В зале склоняли Сысоя, но Сысоя там не было. Сысой умирал у себя дома, и все это знали. Что не мешало архистарейшинам поносить его на все лады. Сысой не слышал шума низвергающегося на него грязевого потока – его слышал Агафон, в зал не допущенный, но при попустительстве охранника подслушивающий за дверью. Слушая, он постарел лет на десять и не знал, что соврать деду. Сказать всю правду да еще в подслушанных выражениях, – сделаться убийцей. Дед не переживет.
Архистарейшины бушевали. Селиверст Лошак сорвал голос. Гликерии Копыто потребовалась скорая фельдшерская помощь. Заслушали четверых архистарейшин, участвовавших вместе с Сысоем в подборе экипажа «Топинамбура», и бурно вознегодовали, как будто только теперь узнав, что экипаж подбирался из покоенарушителей. Пьяный дебошир, сумасшедшая эстрадная примадонна, малолетний угонщик и прожженный мошенник – хороша компания! Больше других подозревали Ноя. Кто, как не он, сильнее других падок на деньги? Кто не постесняется продать чужое и зажить на чужбине припеваючи, забыв родную Зябь? Конечно, он! Да и остальные, видать, недалеко от него ушли, коль скоро не воспротивились предательству, польстившись на долю от продажи самого ценного, чем обладал родной мир…
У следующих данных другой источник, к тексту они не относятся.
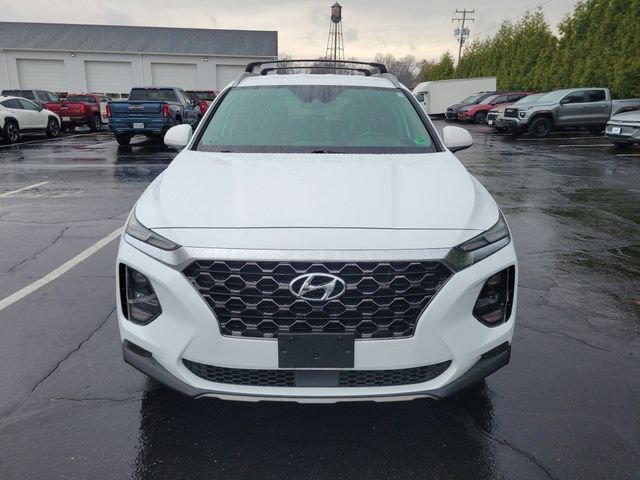 Used 2020 Hyundai Santa Fe SEL w/ Convenience Package image 2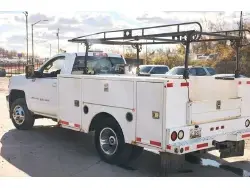 Used 2019 CHEVROLET SILVERADO 3500HD Service & Utility Trucks Pennsylvania US | Iron Exchange Equipment Solutions #1353872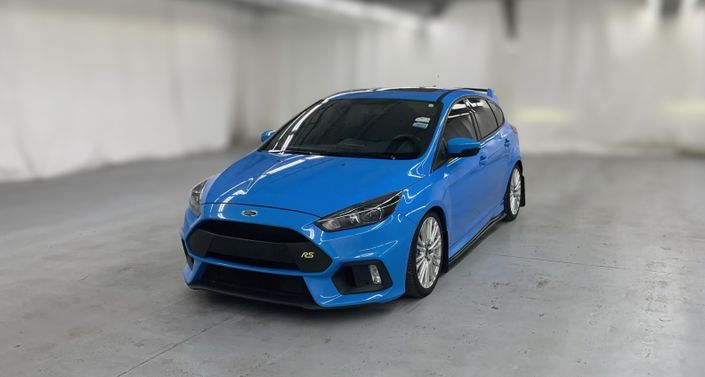 Thumbnail: 2017 Ford Focus - 1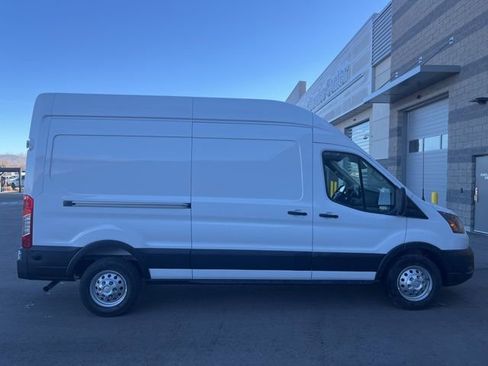 New 2026 Ford Transit 250 148 High Roof AWD w/ Load Area Protection Package image 6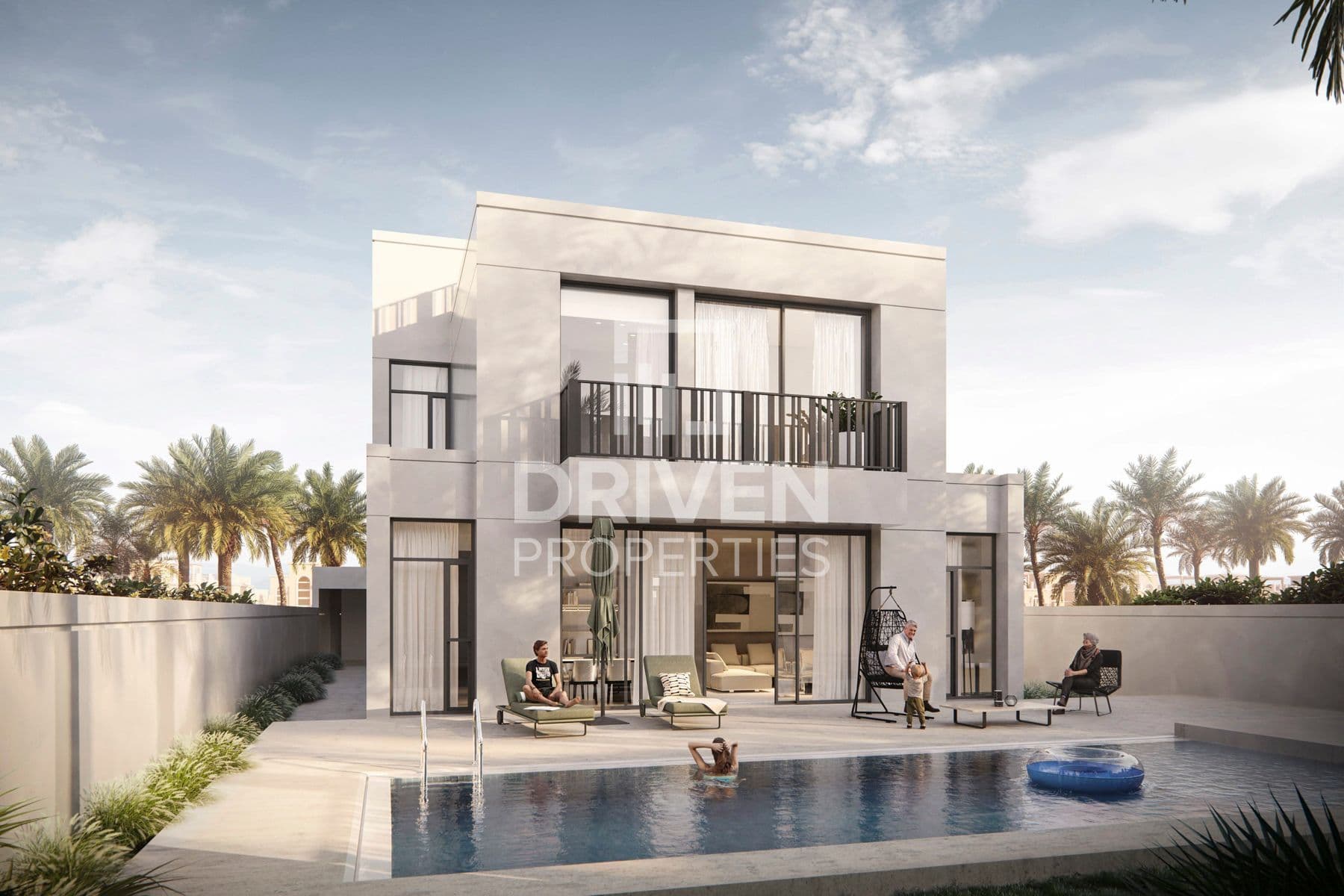 Sunrise Living at Jumeirah Park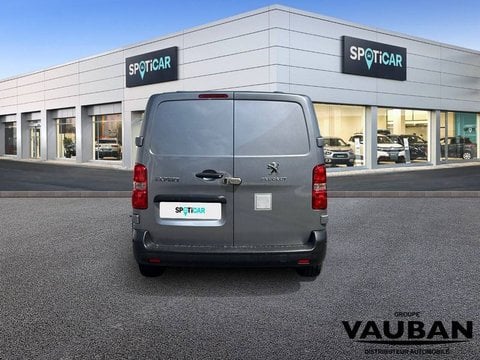 Voitures D'occasion À Montmagny | Peugeot Expert Iii Fgn Tole Standard 1.5 Bluehdi 120 S&S Bvm6 ...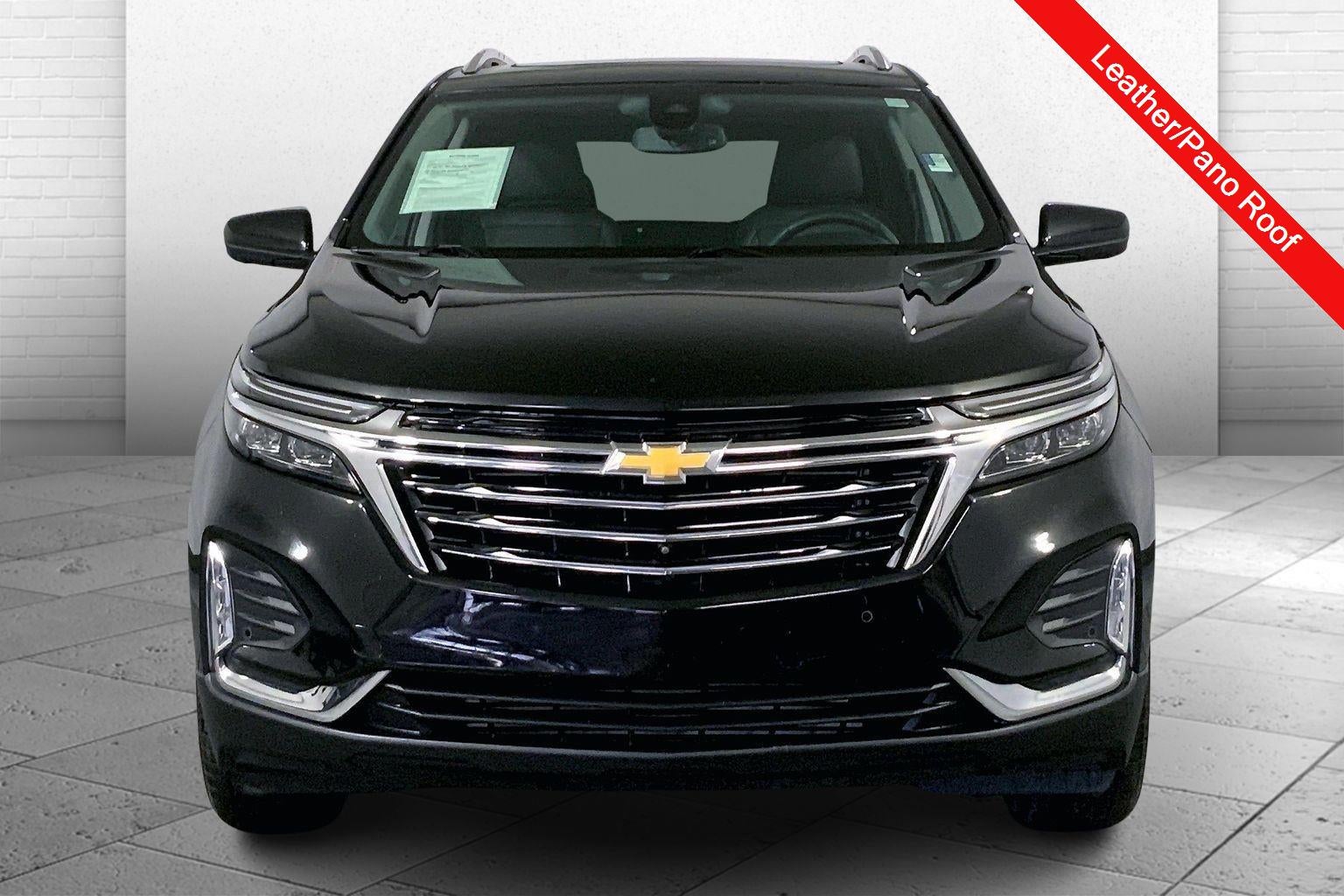 2024 Chevrolet Equinox Premier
Прозвучал, правда, и голос скептика. Марцелл Пень-Колода высказался в том смысле, что еще неизвестно, кому на самом деле те четверо продали зябианский корабль, – очень может статься, что никакому не торговцу, а как раз Ларсену. Но на вопрос, может ли он это доказать, оратор стушевался и, жамкая бороду в кулаке, сел на место. Глуповат был Пень-Колода. Семпроний Пиявка, почти всю жизнь прослуживший в полиции, так ему и сказал. А еще сказал, что нет никаких законных оснований брать Ларсена под стражу и вытряхивать из него душу. Да и взять его проблематично, он небось только свистнет, и к нему тут же примчится его корабль, а с кораблем даже Пень-Колода стал бы неуязвим, не то что Ларсен.
Кричали долго, а когда выдохлись, устроили перерыв. Отдышавшись и подкрепившись сладким чаем, архистарейшины приступили к главному вопросу: что теперь делать-то? Тех, кто еще раз попробует дать волю глотке и обиженно возопить на предмет, кто из присутствующих сильнее виноват, постановили лишать слова, а буде не уймутся – выводить из зала.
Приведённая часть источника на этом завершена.